Recent events in former French African colonies may seem strange to some people, but to others, these events have been long overdue. Many see it as Africans’ intransigence to democratic norms and the military quest for power. But the stark reality is that francophone African countries are shaking themselves off the shackles of incomplete decolonisation. During independence struggles in the 1960s when other colonisers were granting “full independence” to their colonies, France granted peaceful independence to her colonies, while retaining an exorbitant sphere of influence through socio-cultural, economic and military accords of cooperation that it engineered and signed with those colonies (DeVore, 2020). For about six and a half decades, France has exerted its control over these overseas vassal territories in Africa, often described as Françafrique (Sunju, 2021). As a result, these colonial masters  have over-sourced the resources in this part of the continent at their detriment, and interfered in their socio-economic and political lives. These former French colonies in Africa muddled in a quagmire of a multitude of acute problems and underdevelopment, have blamed France for their predicaments, thus generating anti French sentiments across the sub-region. Hence, the aim of this article is to….

Contextual background

The Congo Conference also known as the Berlin Conference that was held in Berlin Germany on the 15th of November 1884 and later adjourned and finalised on the 26 of February 1885 was held under the request of King Leopold II of Belgium and organised by Otto Von Bismarck. This conference paved the way for the scramble and colonisation of Africa (Gates and Appiah,  2010). Britain and France colonised about  95% of the African continent. France maintained control of the Northern, Western and parts of Central Africa while Britain had control of Eastern and Southern Africa. French colonies were concentrated in West Africa than any other part of the continent. All its colonies in West Africa were constituted into a loose federation with its headquarters in Dakar, Senegal (HistoryVille, 2022). The period of colonial administration did not last very long and it  was not just about the actions of the colonisers but it was also about the actions of the Africans and what they thought.

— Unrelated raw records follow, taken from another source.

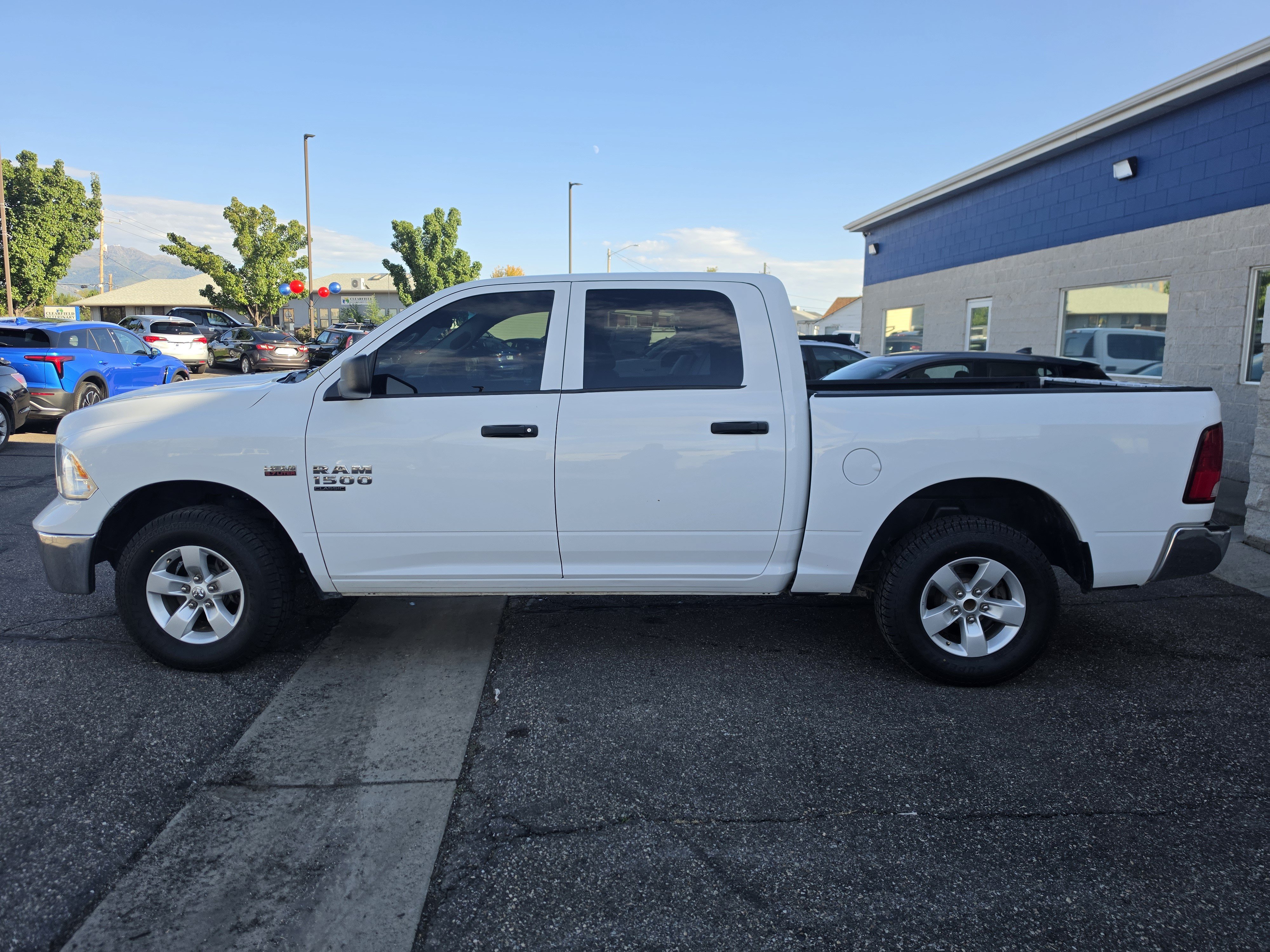 Used 2020 RAM 1500 Tradesman w/ Chrome Appearance Group AWD/4WD image 25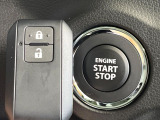 【キーレススタートシステム】カバンやポケットに入れたままでもドアの施錠・解錠が可能なスマートキーを装備。エンジンのオン・オフ時もカギを取り出す必要が無いからとっても便利です♪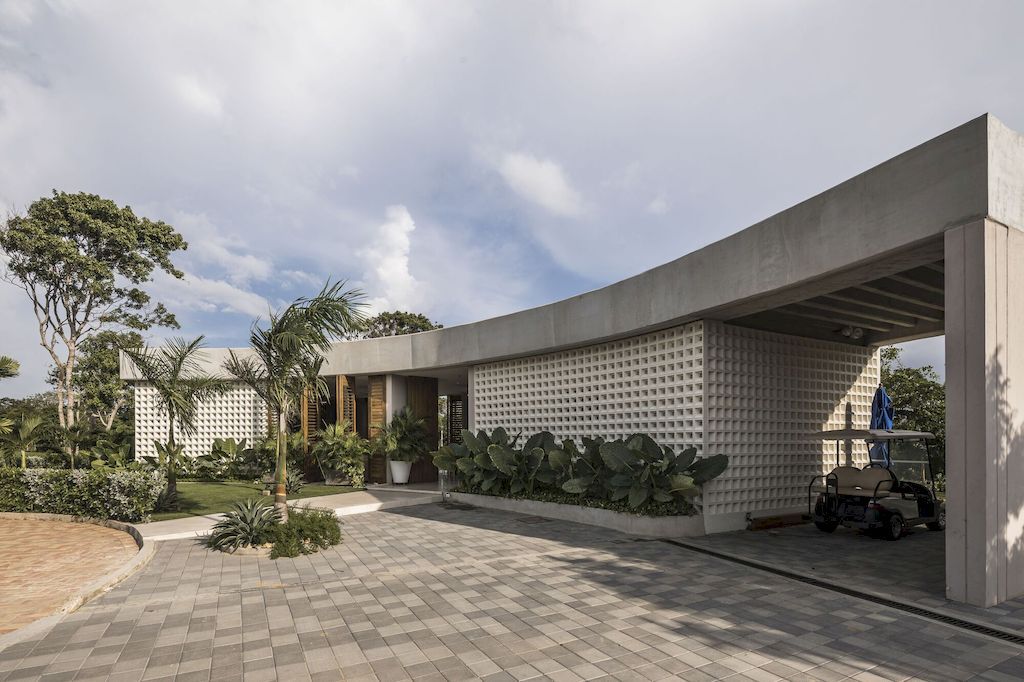 House in Cartagena with Dynamic Shape Design by PlanB Arquitectos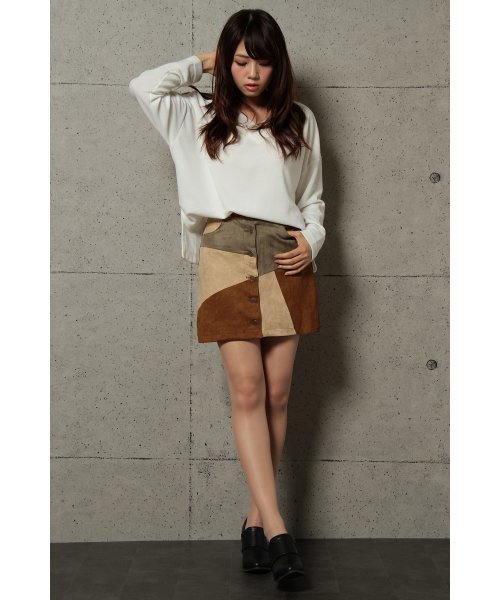 VENCEEXCHANGE（ヴァンスエクスチェンジ）の「フェイクスェード前ボタンスカート               （スカート・レディース・オリーブ/ライトブラウン/ベージュ/コーラル・SMALL/MEDIUM）」の4枚目の写真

The transition from colonization to coopération was “smoothed” before France granted independence to its colonies in Africa. The comprehensive accord between France and each former colony were fundamental as these transcended areas such as defense and security, foreign policy and diplomatic consultation, economic, financial, commercial, and monetary matters; strategic minerals; and technical assistance. For example, France has kept military bases in several former colonies since independence such as in Côte d’Ivoire, Gabon, Senegal, etc.,  and currently has three  thousand troops on the field in the Sahel to maintain a form of control over these countries with the pretext of fighting terrorism (Mazhum, 2023).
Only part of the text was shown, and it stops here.